Ibovespa: 74.956 (+7,50%)
BR$/US$: 5,03 (-0,96%)
DI Jan/27:8,35% (-81 bps)
S&P 500: 2.475 (+1,15%)

Fonte: Bloomberg. Obs.: a taxa de câmbio utilizada é a referência da Bloomberg

MAIORES ALTAS:

GOLL4: R$ 10,94 (+35,06%)
BRKM5: R$ 15,02 (+31,75%)
RENT3: R$ 34,47 (+26,82%)

MAIORES BAIXAS:

CRFB3: R$ 20,85 (-4,36%)
PCAR3: R$ 70,00 (-2,78%)
VIVT4: R$ 47,06 (-1,79%)


CENÁRIO EXTERNO:

Mercados… Ativos de risco globais deram sequência aos movimentos de alta verificados ao longo das negociações de ontem. O acordo costurado entre Democratas e Republicanos dentro do Senado americano no que tange à implementação de um ambicioso pacote fiscal promoveu um alívio maior entre investidores. O índice de volatilidade, Vix, do S&P, que serve como um termômetro para o “medo” nos mercados americanos operou em queda ao longo do pregão. Ao passo que o estímulo fiscal americano passa a ser incorporado nos preços, porém, seu efeito positivo se dissipará ao longo do tempo. Assim sendo, o único fator que pode promover alívios subsequentes será algum avanço significativo no que se refere à contenção na taxa de crescimento dos infectados pelo Covid-19 ao redor do globo.

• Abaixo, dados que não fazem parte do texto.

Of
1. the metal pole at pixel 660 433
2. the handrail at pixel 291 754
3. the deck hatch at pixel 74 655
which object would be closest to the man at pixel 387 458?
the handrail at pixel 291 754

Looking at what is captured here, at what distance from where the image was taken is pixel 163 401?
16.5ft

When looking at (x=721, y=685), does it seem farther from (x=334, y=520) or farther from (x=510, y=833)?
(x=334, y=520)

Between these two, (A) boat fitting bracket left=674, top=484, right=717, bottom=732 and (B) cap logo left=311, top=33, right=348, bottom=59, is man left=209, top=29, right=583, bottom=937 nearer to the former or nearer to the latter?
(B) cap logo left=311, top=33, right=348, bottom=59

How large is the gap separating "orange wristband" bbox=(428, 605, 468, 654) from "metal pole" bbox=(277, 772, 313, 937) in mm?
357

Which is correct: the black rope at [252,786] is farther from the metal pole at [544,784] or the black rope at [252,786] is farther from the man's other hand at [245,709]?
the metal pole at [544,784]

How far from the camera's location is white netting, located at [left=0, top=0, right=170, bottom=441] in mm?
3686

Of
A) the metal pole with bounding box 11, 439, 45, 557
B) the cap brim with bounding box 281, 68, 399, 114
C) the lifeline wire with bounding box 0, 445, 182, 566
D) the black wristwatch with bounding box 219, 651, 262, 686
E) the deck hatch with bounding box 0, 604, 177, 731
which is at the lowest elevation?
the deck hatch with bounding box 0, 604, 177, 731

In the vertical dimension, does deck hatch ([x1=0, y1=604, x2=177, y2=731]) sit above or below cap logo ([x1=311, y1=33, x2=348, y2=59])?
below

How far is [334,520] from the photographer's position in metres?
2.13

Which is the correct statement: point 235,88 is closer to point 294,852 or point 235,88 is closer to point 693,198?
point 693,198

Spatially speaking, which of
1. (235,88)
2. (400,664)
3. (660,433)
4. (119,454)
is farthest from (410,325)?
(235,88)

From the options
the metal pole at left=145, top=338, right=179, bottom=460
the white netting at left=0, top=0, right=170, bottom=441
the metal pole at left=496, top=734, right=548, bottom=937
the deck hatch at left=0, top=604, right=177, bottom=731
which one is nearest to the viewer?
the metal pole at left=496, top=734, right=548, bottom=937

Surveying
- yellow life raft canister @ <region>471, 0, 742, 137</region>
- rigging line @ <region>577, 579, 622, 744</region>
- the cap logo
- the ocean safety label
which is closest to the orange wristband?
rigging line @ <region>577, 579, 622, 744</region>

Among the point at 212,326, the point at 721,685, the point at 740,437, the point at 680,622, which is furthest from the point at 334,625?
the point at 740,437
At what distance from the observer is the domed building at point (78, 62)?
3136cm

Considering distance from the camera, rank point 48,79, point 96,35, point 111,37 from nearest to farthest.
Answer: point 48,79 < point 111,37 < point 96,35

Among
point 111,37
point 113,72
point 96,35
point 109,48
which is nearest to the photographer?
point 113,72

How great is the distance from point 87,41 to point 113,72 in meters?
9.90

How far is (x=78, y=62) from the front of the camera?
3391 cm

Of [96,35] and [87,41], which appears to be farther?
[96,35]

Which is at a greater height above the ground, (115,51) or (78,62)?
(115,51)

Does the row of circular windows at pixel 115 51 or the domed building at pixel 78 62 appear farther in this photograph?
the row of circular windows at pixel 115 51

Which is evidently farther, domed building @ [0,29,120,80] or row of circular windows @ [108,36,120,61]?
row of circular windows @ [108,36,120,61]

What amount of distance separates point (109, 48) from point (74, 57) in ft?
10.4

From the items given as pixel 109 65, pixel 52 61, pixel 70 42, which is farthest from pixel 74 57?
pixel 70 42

Economia americana… Os pedidos de bens duráveis para o mês de feveriero, importante indicador de atividade econômica, continuou pintando uma imagem favorável para a economia americana ao crescer 1,2%. O avanço foi puxado principalmente por uma aquecida demanda por bens de transporte. Não obstante, como no mês de fevereiro o Covid-19 ainda não havia surtido efeito relevante sobre a atividade, o dado fica praticamente obsoleto para ilustrar o estado atual da economia americana. Desta forma, investidores se atentarão á divulgação dos dados de março, que devem, como o Índice de Gerentes de Compra (PMI, na sigla em inglês) já tem feito, indicar uma contração relevante da maior economia do mundo no 1S20.

 


BRASIL:

Mercados… Assim como no exterior, o Ibovespa seguiu em frente com a dinâmica altista de ontem e encerrou o pregão em território positivo. As melhoras dos ânimos importados do exterior foram suficientes para reviver o apetite pelo risco no mercado local. A divulgação do volume no setor de serviços, que cresceu 0,6% em janeiro, também teve contribuição marginal. No mercado cambial, o real também se beneficiou da dinâmica menos avessa ao risco, e a cotação do dólar voltou a cair momentaneamente abaixo do limiar psicológico de R$ 5,00. Esta leve melhora na percepção de risco também surtiu efeito sobre a curva de juros, com investidores devolvendo parte dos prêmios que vinham sendo embutidos outrora. O CDS de cinco anos, métrica de risco país, também caiu, porém segue sendo negociado em patamares notavelmente altos em relação aos que vinham sendo verificados no início de 2020.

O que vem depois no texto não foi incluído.